» Directions
Transcribe the stretch of entries below from the line with "Freeze-Dried Chocolate Cashew" through the line with "Explosion de joie", exactly and with both ends included; leave out all other lines.

--- START ---

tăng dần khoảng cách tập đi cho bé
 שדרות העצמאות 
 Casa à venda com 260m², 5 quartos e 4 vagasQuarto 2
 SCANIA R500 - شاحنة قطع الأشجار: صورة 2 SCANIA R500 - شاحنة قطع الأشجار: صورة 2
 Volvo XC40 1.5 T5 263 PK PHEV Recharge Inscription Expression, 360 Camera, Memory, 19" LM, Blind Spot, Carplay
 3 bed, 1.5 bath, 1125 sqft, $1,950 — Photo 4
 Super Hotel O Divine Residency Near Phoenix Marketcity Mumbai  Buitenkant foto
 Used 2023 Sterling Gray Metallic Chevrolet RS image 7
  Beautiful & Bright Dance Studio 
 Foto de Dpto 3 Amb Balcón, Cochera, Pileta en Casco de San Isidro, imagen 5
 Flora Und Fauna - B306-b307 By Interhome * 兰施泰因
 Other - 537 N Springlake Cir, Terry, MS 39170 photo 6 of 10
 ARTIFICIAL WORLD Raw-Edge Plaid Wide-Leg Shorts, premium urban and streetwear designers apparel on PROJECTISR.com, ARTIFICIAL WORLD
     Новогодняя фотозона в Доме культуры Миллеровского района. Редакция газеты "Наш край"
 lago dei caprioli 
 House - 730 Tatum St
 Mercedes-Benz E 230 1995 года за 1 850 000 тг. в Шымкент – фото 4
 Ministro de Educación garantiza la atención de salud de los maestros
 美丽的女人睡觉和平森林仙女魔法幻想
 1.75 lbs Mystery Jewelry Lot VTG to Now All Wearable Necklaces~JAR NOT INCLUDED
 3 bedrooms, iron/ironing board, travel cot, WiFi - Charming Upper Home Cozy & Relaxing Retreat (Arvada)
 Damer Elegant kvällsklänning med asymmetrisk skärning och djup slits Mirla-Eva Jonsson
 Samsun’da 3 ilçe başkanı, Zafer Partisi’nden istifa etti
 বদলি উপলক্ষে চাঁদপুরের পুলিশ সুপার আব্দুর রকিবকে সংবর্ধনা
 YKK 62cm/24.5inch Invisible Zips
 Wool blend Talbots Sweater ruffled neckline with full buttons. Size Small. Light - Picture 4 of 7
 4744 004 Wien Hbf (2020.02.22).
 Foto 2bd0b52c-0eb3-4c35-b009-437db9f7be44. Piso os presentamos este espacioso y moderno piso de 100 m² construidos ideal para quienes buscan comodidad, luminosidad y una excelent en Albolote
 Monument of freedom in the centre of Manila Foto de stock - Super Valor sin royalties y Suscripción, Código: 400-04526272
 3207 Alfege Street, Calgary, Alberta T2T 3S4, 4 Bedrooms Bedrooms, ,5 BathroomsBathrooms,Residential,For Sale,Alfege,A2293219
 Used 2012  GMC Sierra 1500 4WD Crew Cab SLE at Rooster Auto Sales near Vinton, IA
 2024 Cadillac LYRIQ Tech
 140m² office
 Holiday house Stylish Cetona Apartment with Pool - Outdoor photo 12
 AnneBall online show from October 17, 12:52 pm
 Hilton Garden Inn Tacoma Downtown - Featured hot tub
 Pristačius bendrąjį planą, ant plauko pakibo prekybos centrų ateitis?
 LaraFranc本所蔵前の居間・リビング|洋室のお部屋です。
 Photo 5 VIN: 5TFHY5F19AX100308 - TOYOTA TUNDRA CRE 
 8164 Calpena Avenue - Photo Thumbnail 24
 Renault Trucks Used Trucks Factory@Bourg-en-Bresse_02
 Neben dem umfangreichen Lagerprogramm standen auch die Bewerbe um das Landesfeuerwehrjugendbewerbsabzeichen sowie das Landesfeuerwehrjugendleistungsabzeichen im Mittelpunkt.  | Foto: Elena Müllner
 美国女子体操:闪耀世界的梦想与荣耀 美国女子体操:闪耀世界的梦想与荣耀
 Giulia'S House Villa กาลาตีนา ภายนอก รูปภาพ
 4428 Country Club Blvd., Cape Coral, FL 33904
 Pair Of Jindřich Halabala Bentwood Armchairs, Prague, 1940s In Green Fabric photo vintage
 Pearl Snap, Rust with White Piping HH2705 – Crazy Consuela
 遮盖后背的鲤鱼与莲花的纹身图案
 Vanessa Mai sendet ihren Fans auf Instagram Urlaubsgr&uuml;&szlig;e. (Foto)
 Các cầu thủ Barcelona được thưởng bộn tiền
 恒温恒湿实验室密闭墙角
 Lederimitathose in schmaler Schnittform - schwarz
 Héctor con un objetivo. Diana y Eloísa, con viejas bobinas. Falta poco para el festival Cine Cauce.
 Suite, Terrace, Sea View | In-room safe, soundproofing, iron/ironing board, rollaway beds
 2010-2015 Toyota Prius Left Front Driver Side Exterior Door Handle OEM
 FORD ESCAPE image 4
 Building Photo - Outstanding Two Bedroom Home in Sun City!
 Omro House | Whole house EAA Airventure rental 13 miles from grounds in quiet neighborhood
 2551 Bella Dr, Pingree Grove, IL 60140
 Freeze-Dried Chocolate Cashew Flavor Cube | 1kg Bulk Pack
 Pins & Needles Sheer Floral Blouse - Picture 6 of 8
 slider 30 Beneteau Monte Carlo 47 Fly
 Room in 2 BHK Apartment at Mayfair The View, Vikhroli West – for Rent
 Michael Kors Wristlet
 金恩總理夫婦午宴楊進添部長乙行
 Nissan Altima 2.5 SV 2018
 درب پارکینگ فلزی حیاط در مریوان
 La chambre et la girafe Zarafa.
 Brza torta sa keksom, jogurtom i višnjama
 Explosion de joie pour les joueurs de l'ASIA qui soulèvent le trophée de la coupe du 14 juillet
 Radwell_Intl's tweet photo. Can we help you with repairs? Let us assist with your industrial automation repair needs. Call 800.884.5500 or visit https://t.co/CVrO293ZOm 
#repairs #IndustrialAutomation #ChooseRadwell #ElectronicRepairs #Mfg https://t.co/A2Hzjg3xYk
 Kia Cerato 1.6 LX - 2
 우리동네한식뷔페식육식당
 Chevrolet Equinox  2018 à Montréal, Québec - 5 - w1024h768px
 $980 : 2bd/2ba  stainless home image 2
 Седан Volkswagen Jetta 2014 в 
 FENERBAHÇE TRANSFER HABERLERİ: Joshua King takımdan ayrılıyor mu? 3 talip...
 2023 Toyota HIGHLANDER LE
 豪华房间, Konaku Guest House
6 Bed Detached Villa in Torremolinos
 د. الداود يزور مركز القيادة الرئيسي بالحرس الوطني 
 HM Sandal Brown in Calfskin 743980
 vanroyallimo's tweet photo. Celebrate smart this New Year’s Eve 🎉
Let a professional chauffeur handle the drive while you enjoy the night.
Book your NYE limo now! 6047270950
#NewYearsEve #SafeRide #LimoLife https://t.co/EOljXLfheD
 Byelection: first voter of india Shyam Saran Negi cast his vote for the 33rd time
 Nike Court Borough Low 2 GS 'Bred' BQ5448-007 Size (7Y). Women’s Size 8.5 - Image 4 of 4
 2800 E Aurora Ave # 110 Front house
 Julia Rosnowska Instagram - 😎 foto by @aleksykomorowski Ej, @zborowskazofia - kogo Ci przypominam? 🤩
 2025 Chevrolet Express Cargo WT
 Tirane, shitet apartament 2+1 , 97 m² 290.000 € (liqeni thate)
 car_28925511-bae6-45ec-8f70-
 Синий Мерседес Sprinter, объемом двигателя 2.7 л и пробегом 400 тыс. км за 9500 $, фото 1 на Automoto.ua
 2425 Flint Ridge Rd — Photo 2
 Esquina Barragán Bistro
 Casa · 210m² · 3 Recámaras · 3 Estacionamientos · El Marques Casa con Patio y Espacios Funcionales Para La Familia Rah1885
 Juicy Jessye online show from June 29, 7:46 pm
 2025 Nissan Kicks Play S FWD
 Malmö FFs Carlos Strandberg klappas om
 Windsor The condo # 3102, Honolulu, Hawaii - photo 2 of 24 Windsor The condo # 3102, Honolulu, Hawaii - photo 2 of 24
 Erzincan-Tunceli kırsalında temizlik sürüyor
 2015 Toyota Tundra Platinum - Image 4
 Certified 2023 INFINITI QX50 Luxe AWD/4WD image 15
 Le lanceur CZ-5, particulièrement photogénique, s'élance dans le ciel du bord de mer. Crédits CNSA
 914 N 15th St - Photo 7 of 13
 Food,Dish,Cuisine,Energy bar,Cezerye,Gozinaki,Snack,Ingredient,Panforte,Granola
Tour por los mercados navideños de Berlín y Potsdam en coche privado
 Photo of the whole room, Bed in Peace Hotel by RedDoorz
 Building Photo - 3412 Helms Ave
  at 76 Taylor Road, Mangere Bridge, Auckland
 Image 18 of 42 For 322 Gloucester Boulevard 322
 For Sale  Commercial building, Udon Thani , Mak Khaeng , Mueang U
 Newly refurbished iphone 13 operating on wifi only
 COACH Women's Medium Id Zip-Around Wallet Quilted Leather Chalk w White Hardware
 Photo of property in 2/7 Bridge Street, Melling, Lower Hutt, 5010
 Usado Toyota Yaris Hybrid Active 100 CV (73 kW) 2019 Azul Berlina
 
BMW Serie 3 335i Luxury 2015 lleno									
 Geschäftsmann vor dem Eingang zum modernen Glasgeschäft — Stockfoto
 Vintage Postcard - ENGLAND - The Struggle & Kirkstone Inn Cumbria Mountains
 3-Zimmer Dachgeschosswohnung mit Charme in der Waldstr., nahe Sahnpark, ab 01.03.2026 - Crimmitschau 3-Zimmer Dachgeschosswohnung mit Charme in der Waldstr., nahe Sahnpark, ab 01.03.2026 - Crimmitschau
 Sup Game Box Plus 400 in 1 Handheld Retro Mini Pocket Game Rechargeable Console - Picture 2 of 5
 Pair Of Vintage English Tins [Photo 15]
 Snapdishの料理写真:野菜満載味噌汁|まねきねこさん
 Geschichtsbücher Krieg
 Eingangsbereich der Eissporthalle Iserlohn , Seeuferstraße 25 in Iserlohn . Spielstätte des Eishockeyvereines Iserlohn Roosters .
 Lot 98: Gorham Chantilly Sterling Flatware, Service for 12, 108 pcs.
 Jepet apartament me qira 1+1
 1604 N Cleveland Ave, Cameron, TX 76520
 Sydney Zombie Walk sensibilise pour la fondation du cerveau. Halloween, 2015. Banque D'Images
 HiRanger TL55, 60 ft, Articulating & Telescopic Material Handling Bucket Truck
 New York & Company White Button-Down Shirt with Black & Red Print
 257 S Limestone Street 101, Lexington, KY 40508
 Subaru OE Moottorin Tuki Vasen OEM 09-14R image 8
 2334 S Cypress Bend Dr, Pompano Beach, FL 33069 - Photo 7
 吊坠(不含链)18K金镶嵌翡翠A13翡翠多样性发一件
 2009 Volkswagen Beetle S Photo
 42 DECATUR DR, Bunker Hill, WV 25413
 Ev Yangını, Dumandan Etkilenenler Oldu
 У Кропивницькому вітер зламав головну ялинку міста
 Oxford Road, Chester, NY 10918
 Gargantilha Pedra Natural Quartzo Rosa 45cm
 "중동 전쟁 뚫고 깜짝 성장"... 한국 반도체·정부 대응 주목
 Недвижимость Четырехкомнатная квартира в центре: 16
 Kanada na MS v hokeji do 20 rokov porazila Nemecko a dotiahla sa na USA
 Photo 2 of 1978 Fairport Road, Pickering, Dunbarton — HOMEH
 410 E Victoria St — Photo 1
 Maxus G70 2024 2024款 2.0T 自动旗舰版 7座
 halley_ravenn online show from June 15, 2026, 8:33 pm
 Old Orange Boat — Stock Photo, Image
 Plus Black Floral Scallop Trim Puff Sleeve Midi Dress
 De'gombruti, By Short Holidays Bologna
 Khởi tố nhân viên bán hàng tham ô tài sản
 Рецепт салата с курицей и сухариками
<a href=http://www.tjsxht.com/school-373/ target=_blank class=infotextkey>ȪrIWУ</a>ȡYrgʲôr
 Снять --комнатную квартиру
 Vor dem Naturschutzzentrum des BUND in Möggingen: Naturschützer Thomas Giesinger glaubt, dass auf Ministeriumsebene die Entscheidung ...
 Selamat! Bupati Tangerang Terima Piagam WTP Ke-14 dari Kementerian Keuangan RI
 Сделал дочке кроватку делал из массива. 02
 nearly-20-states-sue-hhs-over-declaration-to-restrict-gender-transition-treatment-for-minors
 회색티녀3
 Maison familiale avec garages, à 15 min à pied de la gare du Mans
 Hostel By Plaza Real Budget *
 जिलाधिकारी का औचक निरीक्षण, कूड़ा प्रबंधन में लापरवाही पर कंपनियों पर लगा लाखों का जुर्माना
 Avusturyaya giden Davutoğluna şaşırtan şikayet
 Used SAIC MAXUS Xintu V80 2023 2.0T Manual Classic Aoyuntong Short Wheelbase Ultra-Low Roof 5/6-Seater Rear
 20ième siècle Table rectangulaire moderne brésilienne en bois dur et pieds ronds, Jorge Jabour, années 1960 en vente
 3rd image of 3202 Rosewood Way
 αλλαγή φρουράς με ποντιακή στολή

--- END ---

» Written reply
 Freeze-Dried Chocolate Cashew Flavor Cube | 1kg Bulk Pack
 Pins & Needles Sheer Floral Blouse - Picture 6 of 8
 slider 30 Beneteau Monte Carlo 47 Fly
 Room in 2 BHK Apartment at Mayfair The View, Vikhroli West – for Rent
 Michael Kors Wristlet
 金恩總理夫婦午宴楊進添部長乙行
 Nissan Altima 2.5 SV 2018
 درب پارکینگ فلزی حیاط در مریوان
 La chambre et la girafe Zarafa.
 Brza torta sa keksom, jogurtom i višnjama
 Explosion de joie pour les joueurs de l'ASIA qui soulèvent le trophée de la coupe du 14 juillet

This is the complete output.